Aaron tried to ignore it as he thought. Trying to figure out what was going on, how to get through all this, why they were here, and how to beat the maze they had found themselves trapped within.
The water bubbled up from the toilet faster. Faster. The seat was dancing a mad tattoo off the rim below.
A moment later, the sinks and tub faucet all turned on. The shower turned on as well, all of them splashing water into sinks, into tubs. It was coming faster than it should have, the water spewing out in torrents. In only a few seconds water was spilling over the edges of the twin basins in the sink. The tub was over half full. Water was also spilling out from the bottom edges of the sink cabinets.
A quarter-inch of water sloshed against their feet.
"No timer," Aaron murmured.
He dropped to his hands and knees and began feeling around the edges of the door to the hall. Someone inhaled sharply behind him, no doubt sure he was going to be burnt, beaten, otherwise harmed by the contact.
Nothing happened.
He felt the bottom of the door, then stood and began feeling the frame, finally moving to the sinks. He plunged his hands into the basins, feeling something below the water.
"There's some kind of seal – doors, sinks, all plugged," he said.
"What does that mean?" the young man said. He looked at Rob. "What does he mean?"
Rob looked down at the water at their feet. Half-inch deep.
Water started cascading over the side of the tub.
"It means that water's coming in," said Rob, "but none's going out."

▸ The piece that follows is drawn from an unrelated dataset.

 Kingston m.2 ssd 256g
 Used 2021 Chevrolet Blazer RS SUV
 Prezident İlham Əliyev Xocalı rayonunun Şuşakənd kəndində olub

The water was an inch deep.
And rising.
35
Rob didn't want to look. Didn't want to stare.
But he couldn't help it.
TJ. TJ's here. What's he doing here?
Of course the answer was simple: TJ was here for him. Rob was the one driving all this. It was all about him.
My luck hasn't changed after all.
He forced himself to look away from TJ. Then the kid spoke, and the sound drew his gaze like a magnet. "So, what, we're gonna drown in toilet water?"
The teen girl laughed. The high-pitched, desperate laugh of someone gone mad.
Rob barely noticed. Another look at TJ.
How did he get here?
At that moment, the toilet started shaking. The shaking turned from a tremble to a full wobble as the fixture started dancing back and forth on its base.
Then it exploded. A jet of high-pressure water drove toward the ceiling, and everyone in the bathroom ducked as chunks of porcelain – some of them as big as Rob's head – flew through the air.
One of the biggest pieces almost hit him. He ducked away, and as he did he realized it was different than the rest. Not white, but dark. Rougher-seeming than the cleanly-sheared white pieces the rest of the toilet had broken into.
The piece fell to the floor.
The girl screamed.
Not a piece of the toilet. And there was a reason for its shape, for its size.
It was a severed head.
The head rolled across the floor, though the water that now came up to everyone's ankles. It came to rest in a corner beside the tub. Hair spread out from the head in a red halo. The eyes of the woman were wide, the face frozen in a shriek of terror and pain.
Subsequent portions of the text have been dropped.